My father taught me that curiosity matters more than test scores, that intelligence works in a thousand different ways. And that’s why I feel so privileged to be working with Maker Ed. I get to work at an organization and with people who remind me every day of the power of inquisitiveness, of being alive to learning in all its aspects, and who work really hard to bring that joy to every educator and every child and every learning space.
My journey to Maker Ed has been roundabout, as all good journeys are. As a child, my parents—both educators—bestowed upon me a love of learning, a desire to know more, to not take information for granted, to ask why things were the way they were. My father would take me to his lab and let liquid nitrogen run across the floor, chasing itself as it steamed into its gaseous form. My mother would give me books on Greek mythology and African folk tales, tangrams and giant Tinker Toys.
And so I have always loved to think about things, take things and ideas apart and put them back together in new ways, connect them up into new configurations; from the time I was four or five years old, my mother was convinced I’d grow up to be a philosopher. She was almost right: I earned a Ph.D. in the humanities, writing a dissertation on autobiography, modernity and the construction of the individual. But I also worked in book publishing for a while, studied in France, traveled through Eastern Europe, wrote for national arts publications and hyper-local news sites, taught myself origami and French cooking. Also, I’m a private pilot and am writing a novel. Because: Why not?

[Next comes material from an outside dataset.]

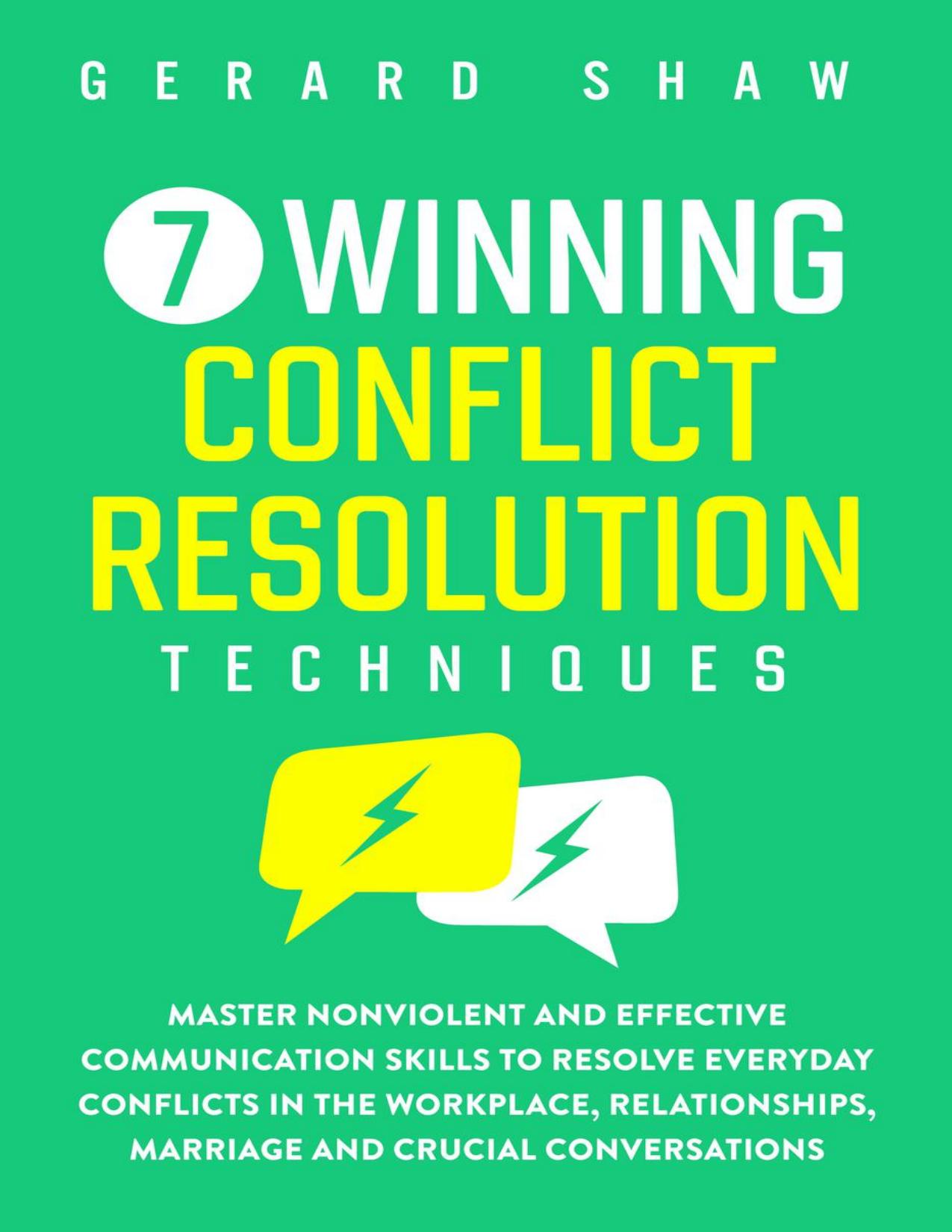 7 Winning Conflict Resolution Techniques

Eventually, my journeys took me into nonprofit development, where I’ve been working for the last eight years or so. It fits my desire to make the world just a little bit better, and it makes good use of the skills I developed in graduate school in researching, writing and distilling complex ideas into compelling prose; of convincing people of things I believe in. I’ve worked at a diversity of places: KQED, the JCC of the East Bay, Places Journal, for instance, learning a lot more about nonprofits, development, and the delightful puzzle of articulating the right fit between an organization and funders.

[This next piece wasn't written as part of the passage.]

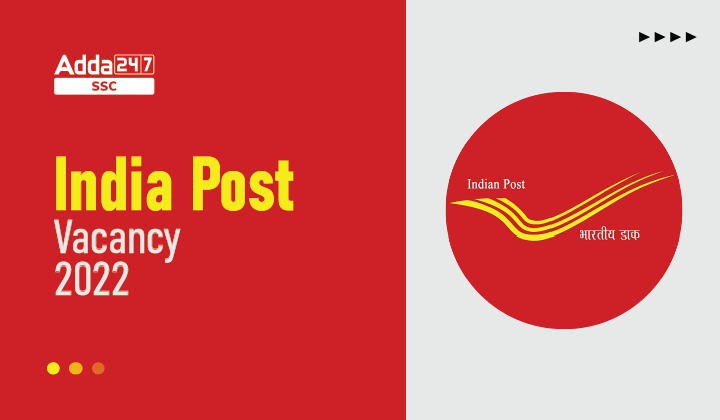 India Post Vacancy 2022, 98083 पदों के लिए सर्कल-वाइज संपूर्ण सूची_20.1
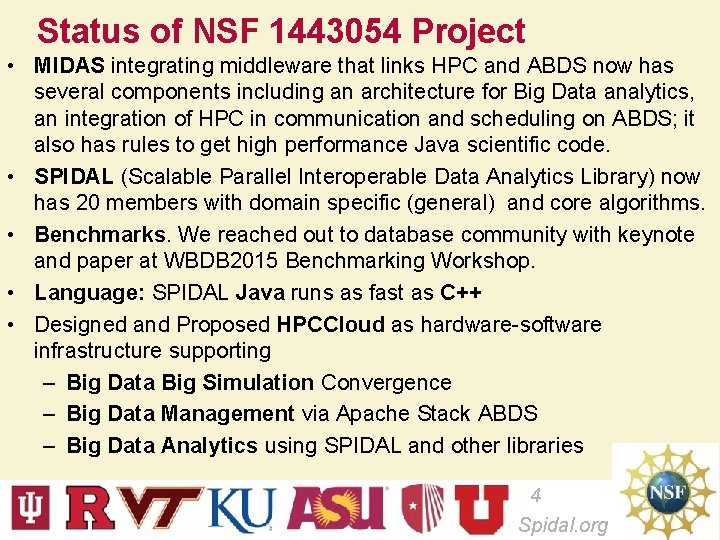 Status of NSF 1443054 Project • MIDAS integrating middleware that links HPC and ABDS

I’m thrilled to be here now at Maker Ed, to be part of an organization that works to provide the infrastructure and capacity necessary to ensure every child has the opportunity to engage in their natural tinkering and making inclinations, to discover a passion and delight in learning that means they never stop pursuing it. To tell the world that curiosity matters more than test scores, and intelligence works in a thousand different ways. I think my parents would be very proud. I know I am.